B- « Mise en veille » du droit de lutter
contre l’occupation
Il s’agit d’un point qui découle du premier, mais qui est plus d’actualité.
Il concerne plus le présent et non seulement l’avenir et pourrait être plus
grave encore En acceptant temporairement le statu quo (ligne des bouées)
unilatéralement imposé, en violation de l’uti possidetis (ligne B1 de
l’Accord Paulet- Newcombe) par Israël depuis son retrait en 2000, le Liban
accepte ainsi tacitement de renoncer, fut-ce temporairement,
à son droit de lutter contre l’occupation israélienne d’une partie de ses eaux
territoriales, notamment dans la zone d’environ 3 km2 située entre la ligne des
bouées au nord et la ligne
partant du point B1 au Sud.
L’article 4 A. 2) de la troisième Convention de Genève, relative au
traitement des prisonniers de guerre, du 12 Août 1949 (ratifiée par le Liban et
Israël), ainsi que l’article 1.4 du premier Protocole additionnel aux
Conventions de Genève relatif à la protection des victimes des conflits armés
internationaux du 8 Juin 1977 (ratifié par le Liban, non ratifié par Israël
pour des raisons évidentes ; mais nombre de ses dispositions font
désormais partie du droit international impératif- jus cogens)
reconnaissent le droit aux mouvements de résistance de lutter contre
l’occupation militaire étrangère de leur territoire.

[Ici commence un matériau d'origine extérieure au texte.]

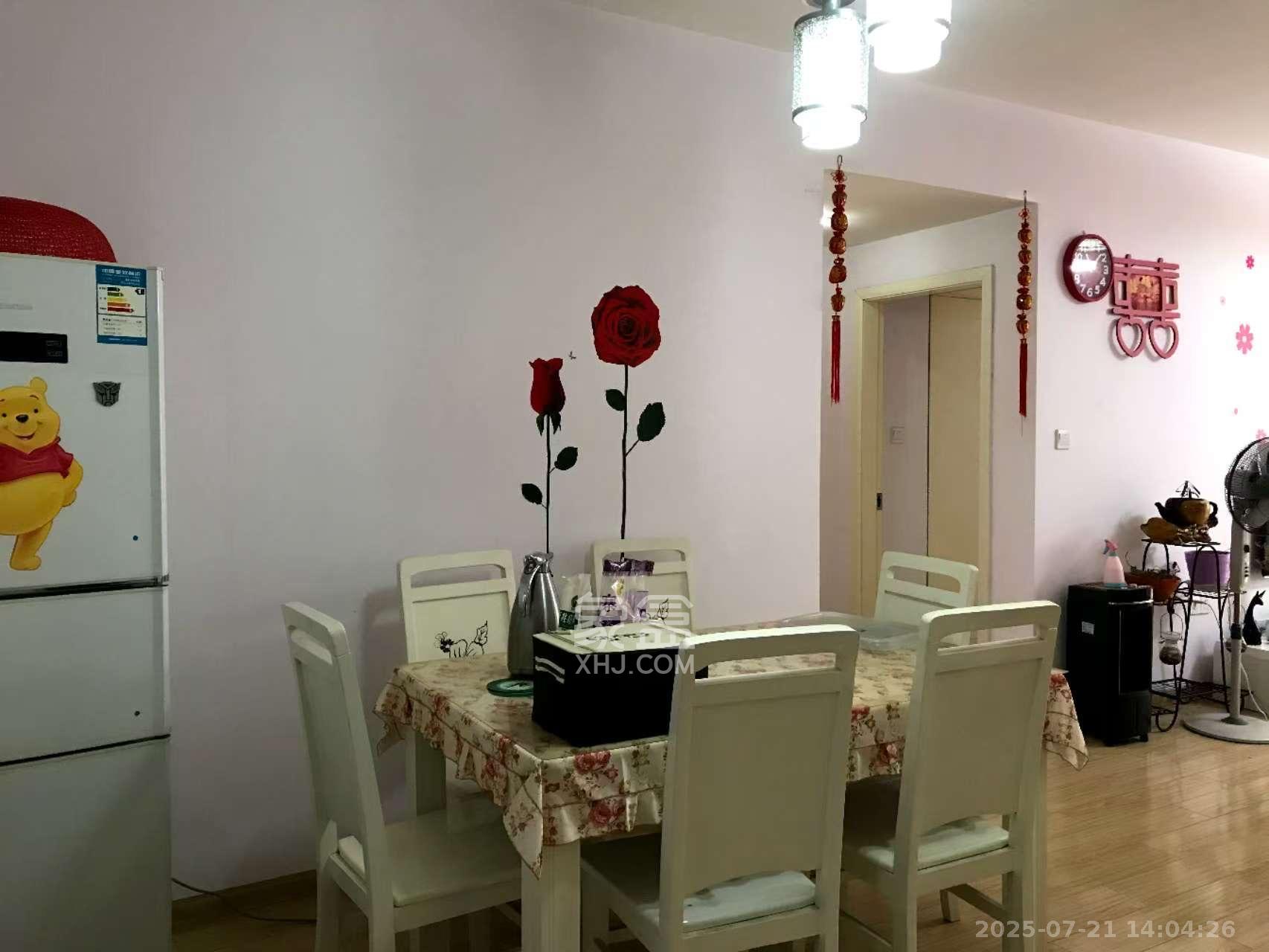 嘉盛华庭(一期、二期、三期) 3室2厅2卫 2400.0元/月 嘉盛华庭(一期、二期、三期) 3室2厅2卫 2400.0元/月室内图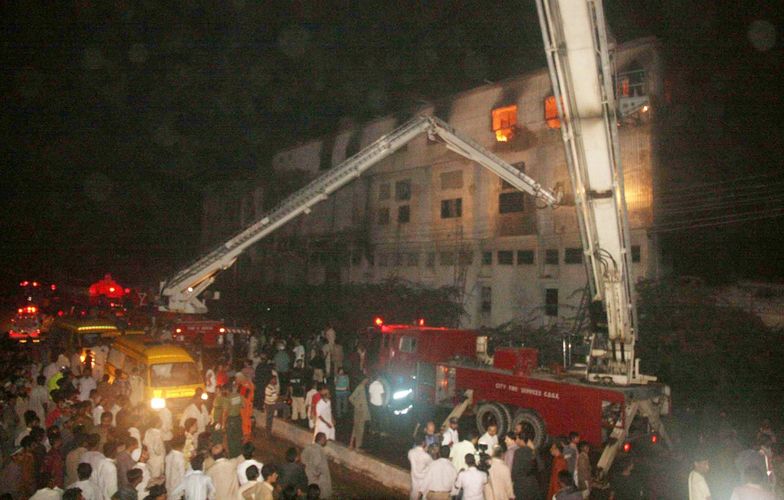 Pożar w Pakistanie. 63 osoby nie żyją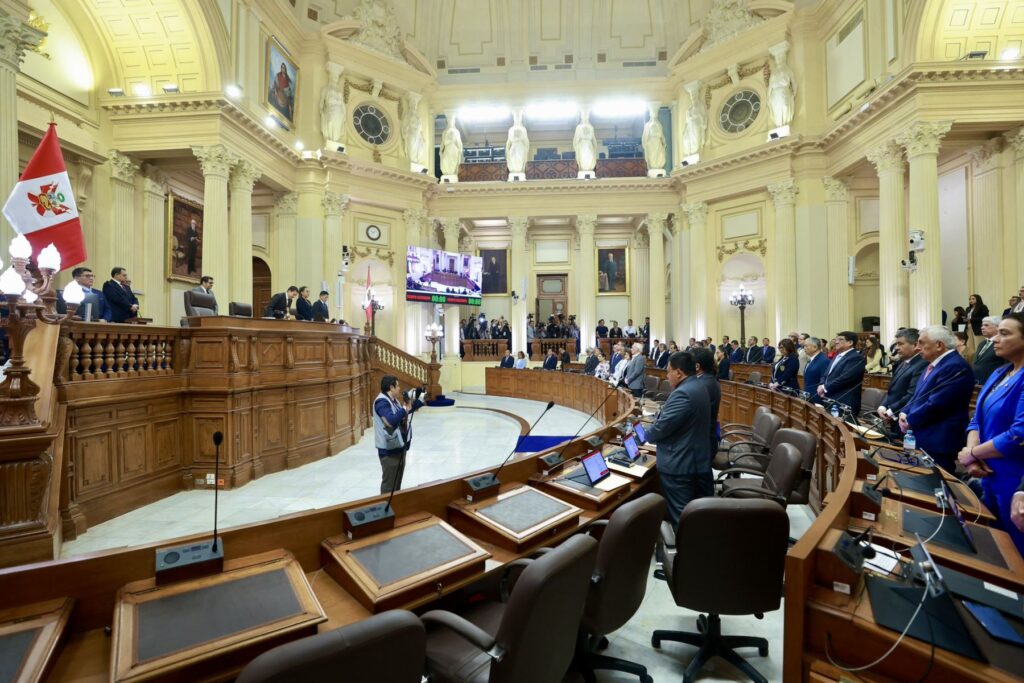 Senado otorga facultades al Ejecutivo para legislar sobre seguridad ciudadana y fenómeno El Niño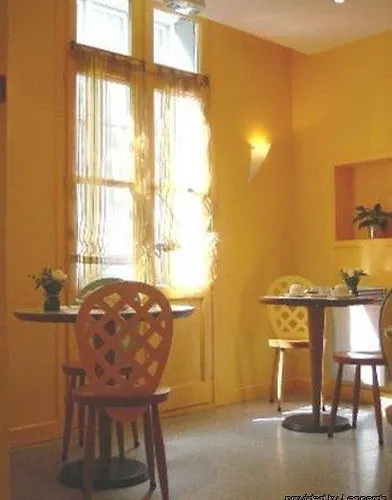 オテル ドゥ ヌーヴ バイ ハッピーカルチャー ホテル パリ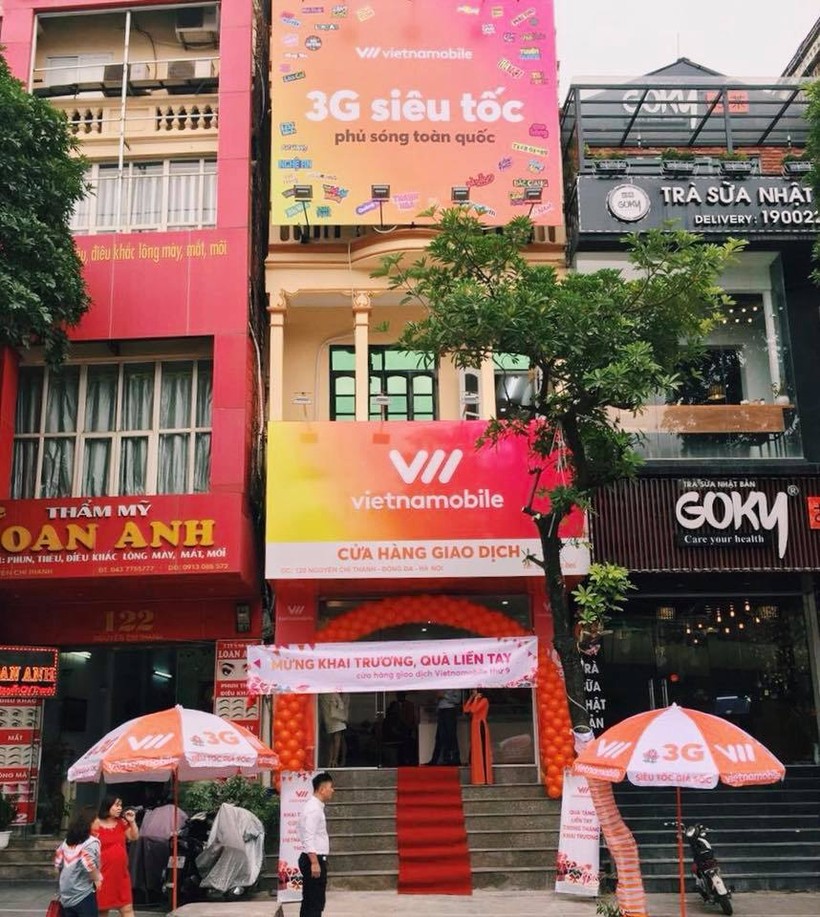 Vietnamobile triển khai hệ thống cửa hàng giao dịch toàn quốc ảnh 1 Khai trương cửa hàng giao dịch Vietnamobile tại Nguyễn Chí Thanh, Đống Đa, Hà Nội ngày 25/10/2017
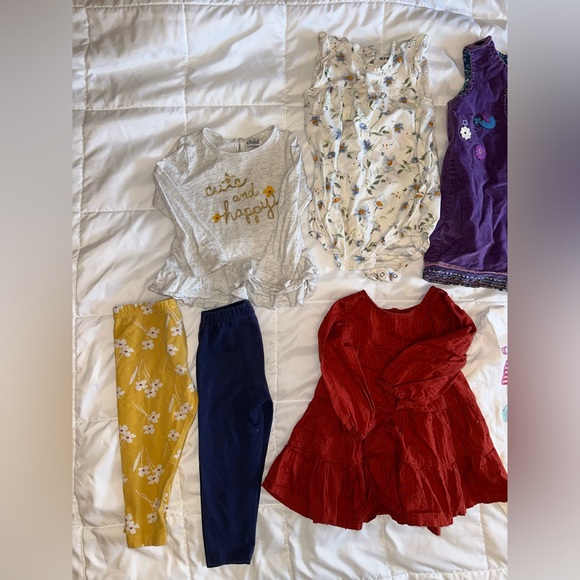 18 Month Baby Toddler Girl Summer Spring Clothes Lot Bundle Carters Old Navy - Picture 3 of 3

Or, l’engagement de la part du Liban, aux termes de la Section 1.B
du récent Accord libano- israélien, à ce que « le statu quo près du
rivage, y compris tout le long et tel que défini par l’actuelle ligne de
bouées, demeure le même » et ce « Jusqu'à ce que cette zone soit
délimitée », sous- entend que tout acte de lutte contre l’occupation
militaire de cette zone constituera une violation de ce récent Accord. Ainsi,
le Liban renonce pratiquement à son droit légitime de résistance contre
l’occupation israélienne de cette zone.
D’un point de vue politique, ceci n’est pas sans révéler le vide et
l’hypocrisie du discours du Hezbollah, groupe armé non- étatique, sous contrôle
d’une puissance étrangère, par lequel l’hégémonie iranienne s’exerce sur le
Liban, et sans l’approbation duquel le récent Accord n’aurait pas vu le jour.

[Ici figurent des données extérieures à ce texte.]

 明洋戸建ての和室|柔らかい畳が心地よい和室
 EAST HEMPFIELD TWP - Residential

En acceptant ce nouvel Accord, le Hezbollah vient de déconstruire son propre discours
par lequel il s’arroge un droit exclusif de « résistance contre
l’occupation israélienne », discours qui constitue sa raison d’être
principale depuis sa création en 1983.
Avec cet Accord conclu, du côté libanais, par des alliés politiques
dont il tire les ficelles, le Hezbollah a peut- être gagné une reconnaissance
tacite de Washington, mais, même pour lui, cet accord est faustien. Le
Hezbollah, à l’image du Dr Faust, vient de
vendre, fut-ce partiellement et temporairement,
même si jamais il ne le reconnaîtra, son âme
de « résistant » à un énigmatique
Méphistophélès.
Lorsqu’on sait qu’Israël est l’État qui exerce l’occupation
militaire la plus durable de l’histoire contemporaine, on sait qu’avec l’État
hébreu, rien n’est plus permanent que le temporaire.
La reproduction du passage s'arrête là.